To be successful, you’ll have to know about more than just how to clean a pool. You  need to understand the science behind the different chemicals involved in keeping pools safe and ready for use. You’ll also need to know how to manage pools throughout all the seasons.

As you put this information to work, you can build your clientele and the number of pools you serve. You can also seize educational opportunities to receive training in pool maintenance and repairs. Offering these additional services can help you further build your business and increase your hourly earnings.  

When you start to bring in more clients, you can then hire a team to help you manage the busy seasons and eventually grow into managing your own business. This is what can help you to grow from $14 even up to $60 per hour.

At the heart of this process lies hard work, excellent customer service, and a desire to learn just about everything you can about pools.

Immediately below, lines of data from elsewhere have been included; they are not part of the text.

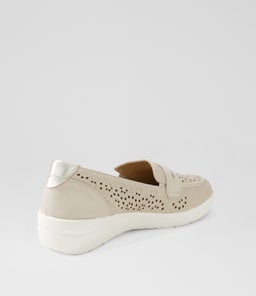 NERRIDA W ZR ALMOND PALE GOLD LEATHER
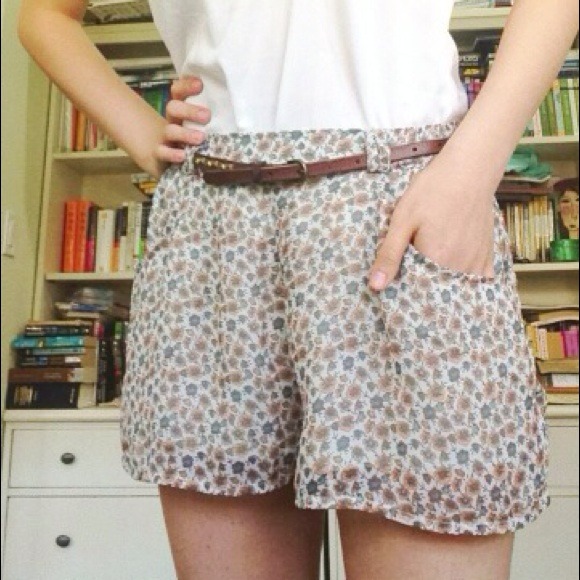 H&M high-waisted lightweight floral shorts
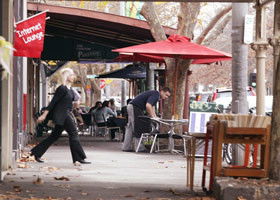 About Henry's - Kalgoorlie Accommodation 0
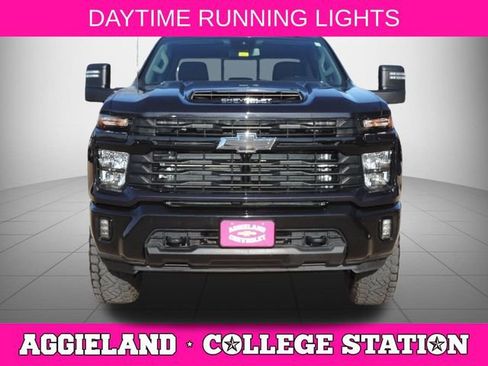 Used 2024 Chevrolet Silverado 2500 LT w/ Texas Edition image 9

How you can start a pool cleaning business

Starting a pool cleaning business offers an exciting and enjoyable career path, but to increase your chance of success you’ll want to consider these  steps.

  1. Make a business plan
  2. Set a budget
  3. Understand the laws and regulations
  4. Acquire permits and licenses
  5. Get the necessary equipment
  6. Implement marketing strategies

1. Make a business plan

A good first step in starting any business—including a pool cleaning business—is to make a business plan. Your business plan lays the foundation of your business, so it should emphasize a few key parts.

First, consider what you’ll offer as a business and who your target audience will be. For example, will you offer services to hotels and commercial pools or only private homeowners?

Investigating your market and determining your niche is an important step in starting your business. This will guide everything from the type of supplies you buy to how you advertise your new business.

You can start by investigating what other businesses offer in your local area. Do you have a neighborhood with a lot of personal pools? Do you see these homeowners spending their own Saturdays taking care of their pools? That’s a potential market.

You also might want to consider businesses. Many hotels have pools, as do spas and health clubs. Who takes care of these pools in your area?

You can look at what current businesses offer and see where you can set yourself apart. You might offer basic maintenance and repairs in addition to cleaning. If most of the businesses seem to travel to your area from other cities, you might be able to offer greater convenience and proximity—you can be there quickly if they have a problem with their pool.

Once you know your market, you can move on to other questions.

How will you accept payment—for instance, will you accept credit cards? And will you run this business full time or part time?

Also consider details like your business name and registration. Your business name will impact your marketing strategies, and you may need to register to open a business bank account, among other things.

Finally, you’ll need to decide on a business structure. This will influence liability, taxation, and ownership. Some common business structures include a limited liability company (LLC), sole proprietorship, partnership, or corporation.

2. Set a budget

Next, you should heavily consider your budget. You should know how much pool cleaners charge in your area; your rates need to be competitive. You should also know how much money you need to get equipment, certifications, insurance, and any other business maintenance costs.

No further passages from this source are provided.